The simulation of radiation effects in a turbulent combustion flow is performed using the Monte-Carlo Ray Tracing (MCRT) technique in the Large Eddy Simulation -- One Dimensional Turbulence (LES-ODT) framework. The LES-ODT is a numerical tool used in turbulent combustion modeling. It consists of a hybrid simulation of the large scales within LES and another computational domain embedded in the LES that simulates the small scales contribution referred as ODT. In the LES-ODT framework, transport equations for mass, momentum and scalar are spatially filtered, while the effects of smaller scales are modeled [1, 80]. The large turbulence scales are flow specific and strongly dependent on the flow geometry and Reynolds number.

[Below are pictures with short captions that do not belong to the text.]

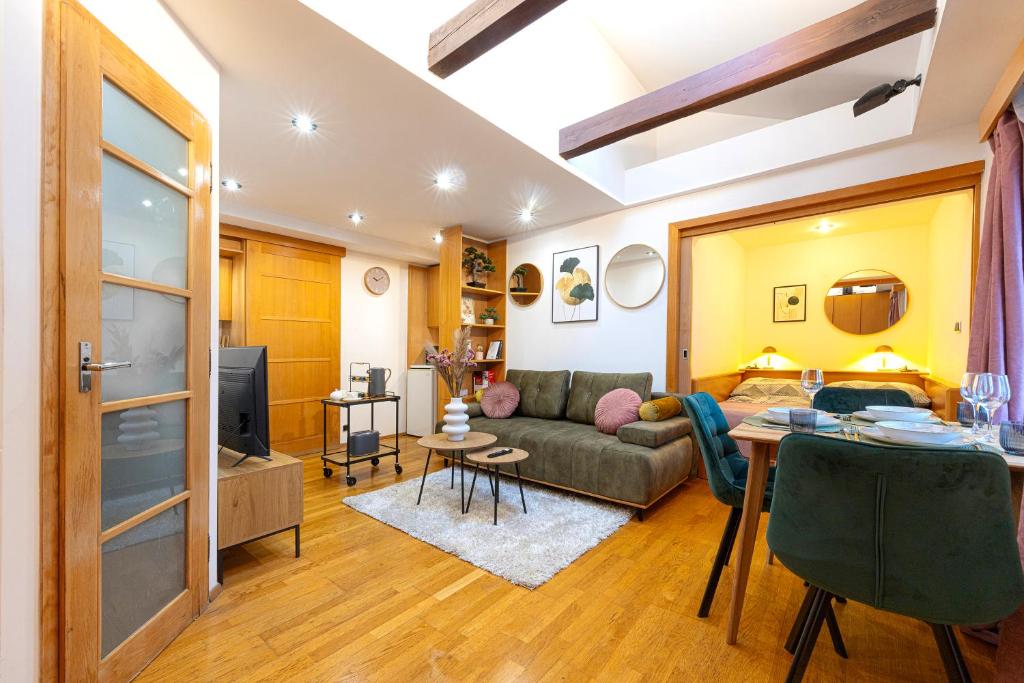 a living room with a couch and a table at The Wenceslas Loft in Prague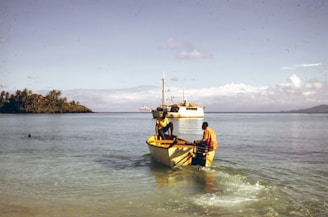 man in yellow shirt riding on yellow and white boat on sea during daytime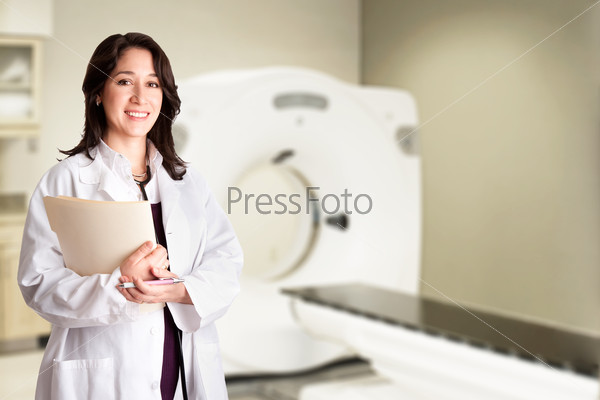 Female doctor radiologist at CT CAT scan with chart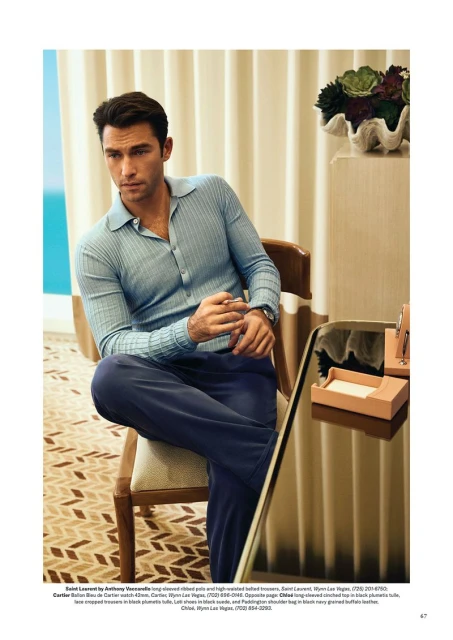 An adult male poses indoors, wearing a light blue collared shirt and navy pants, sitting on a chair with a table nearby.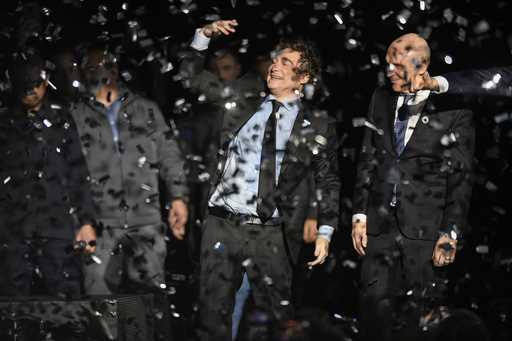 Argentine President Javier Milei, center, and National Deputy Jose Luis Espert celebrate at the end…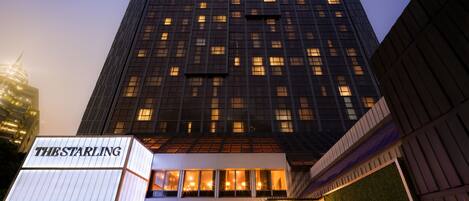 Un edificio de hotel moderno con un letrero llamativo que dice "THE STARLING" en la entrada.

The small scales tend to be more homogeneous and less affected by the boundary conditions [81]. LES-ODT is a promising model that situates itself between the two most common other models used in CFD: the Direct Numerical Simulation (DNS) and the Reynolds Averaged Navier-Stokes (RANS) providing a relatively close enough description of the process comparing to DNS with a significant saving in terms of CPU time and allocated memory.;Radiation is solved within the ODT domain at the subgrid scale where a combination of stochastic and deterministic solutions allows the treatment of different processes governing the transport and chemistry for scalars and momentum. The solutions are implemented in parallel on the ODT domains that are embedded in the LES computational domain.;The MCRT implementation is validated within a Direct Numerical Simulation (DNS) using a variation of the Spherical Harmonics (SH) method in a non-homogeneous auto-ignition isotropic turbulence simulation. This configuration exhibits different modes of combustion (from ignition kernels to premixed and non-premixed flames) and a complex coupling between turbulent transport and molecular processes, diffusion, reaction and radiation, under highly transient conditions.;The implementation of MCRT in the LES-ODT framework is performed for different cases of optical thickness and absorption coefficient dependency. Results of the simulations were compared to filtered density contours for the same conditions. The comparison of the different statistics shows a satisfactory agreement.